There is a lot of buzz around Agile, everybody is talking about it like this miraculous pill you can take and suddenly success comes knocking at the door. But what about how to mess up your Agile implementation?

Here are some thoughts, curious what you think about them:

  1.  Appointing the manager as also the product owner of the team
  2. Using scrum master as a glorified secretary of the team
  3. Using daily stand-ups as department meetings to discuss anything for 1 hour
  4. Skipping the retrospective session, because hey, we all know each other, we don’t have time for this
  5. Implementing Agile without the client
  6. Not measuring, because our business is too complicated
  7. We are chaotic, hence we are Agile – who needs documentation?

Since everybody is talking about the success of Agile, I’m thinking that the failure is just a different facade of success that is worth tackling. This is a continuation of a previous article published last month, this time also giving some arguments to support my position.

 

1. Appointing the manager as also the product owner of the team

The product owner is responsible with maximizing the customer value of the product to be delivered. The profile is that of a big-picture thinker, experimental, flexible, product-driver / customer-obsessed person.

One of the key-differentiators of Agile way of working is that the responsibility of delivery falls with the team. Once they understand best the customer need from the product owner, they should be allowed to self-organize to ensure the best delivery.

And here is the problem with having product owner as your boss:

  1. Easy to mix-up responsibility / accountability of the delivery. Most likely, the product-owner, as being the manager as well, will feel that he / she needs to take charge, assume, etc. So much for team responsibility, self-organizing, etc.
  2. Let’s say the first point is not an issue. What if at demo, the client is consistently dissatisfied with the delivery so it seems that the product owner is not actually doing a great job in understanding the customer? Ideally the team should be able to challenge the product owner and even request changing it because it impairs their success? Can they actually do that to their own boss who decides on their paychecks?

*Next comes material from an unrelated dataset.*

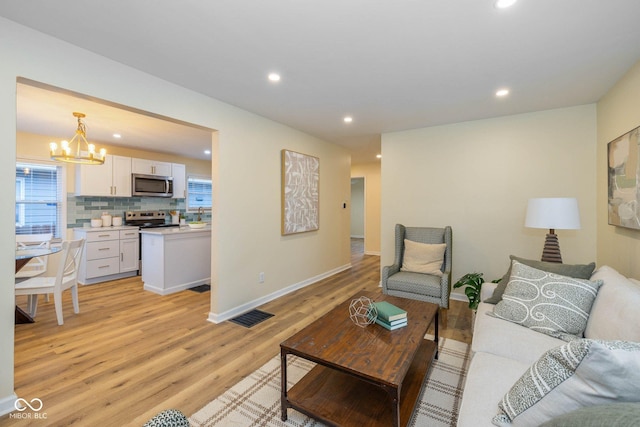 living room featuring a notable chandelier and light hardwood / wood-style flooring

2. Using scrum master as a glorified secretary of the team

The scrum master is a servant leader of the team, is able to remove impediments for them, is constantly ensuring that team dynamics are good.

Only a small part of his / her duties is the actual organisation of ceremonies, however this is the easiest and most obvious part to implement. Without the previous mentioned functions, you only end up with a demotivated person acting as a secretary, setting meetings, dragging people to participate, trying to gain importance as per the title. And team dynamics is left somewhere in a drawer, they might manage or not.

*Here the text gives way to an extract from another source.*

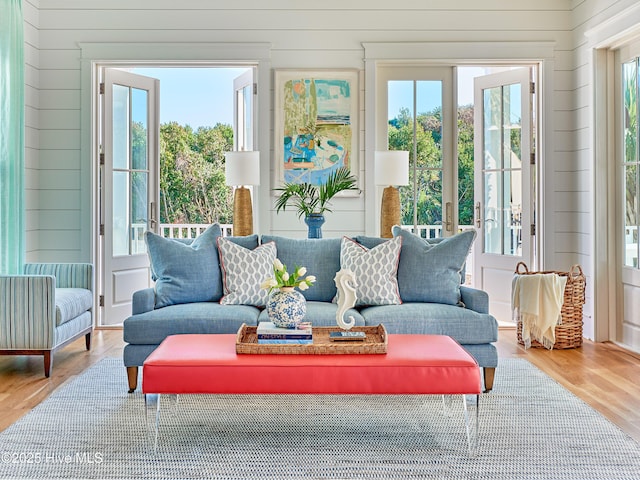 801 Federal Rd, Bald Head Island, NC 28461 - living area with healthy amount of natural light, wooden walls, and wood finished floors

What if scrum master would not be appointed, but elected by the team? And this role would not be a job title, but simply a role that can be short or longer term, as the team decides?

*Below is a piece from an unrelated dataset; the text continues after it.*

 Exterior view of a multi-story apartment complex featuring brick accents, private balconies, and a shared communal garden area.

3. Using daily stand-ups as department meetings to discuss anything for 1 hour

Daily stand-ups are status meetings to understand the progress in the sprint and if there are any impediments in delivery. This should be done with respect of everyone’s time and needs to be effective so that everybody goes back to work quickly. It is not an occasion to show off or justify working time, but an opportunity to signal early if issues have raised that can threaten what the team has promised to deliver.

4. Skipping the retrospective session, because hey, we all know each other, we don’t have time for this

This is an easy one. Retrospective if about understanding what works and what doesn’t in the team. It is the place where measures of performance are discussed, but also the place where team deals with their own interactions and conflicts. The timing of this meeting between the client demo and next planning, makes it a perfect occasion for learning and adjusting for the next sprint. Skipping this ceremony allows for frustrations to build up, for mistakes to become chronic pains and for success to be a happy and surprising encounter.

5. Implementing Agile without the client

The client is central to Agile way of working and the very reason for which it was invented. Incorporating client feedback early and continuously makes companies successful and competitive. Working on projects in sprints, but not receiving customer input is simply turning fashionable a waterfall project.

6. Not measuring, because our business is too complicated

Measuring takes time, it is bureaucratic and boring. You really need to like drawing up charts, comparing data, number crunching, etc. But this is key to any progress – how will you know that you are better today vs. yesterday if you do not measure yourself? Not measuring, but having just a gut feeling about your success might be equivalent to falling in love and everything looking all sparky, when nothing has changed.

7. We are chaotic, hence we are Agile – who needs documentation?

Agile projects all have documentation just enough, just in time and just because. The fact that hundreds of pages of documentation are not written before starting the project does not mean that the approvals are not in place at the release time, nor that there is no audit trail. In Agile documentation is simply evolving at the same time with the project, not taking unnecessary details.

So this is it from my side, curious to see what your experience is.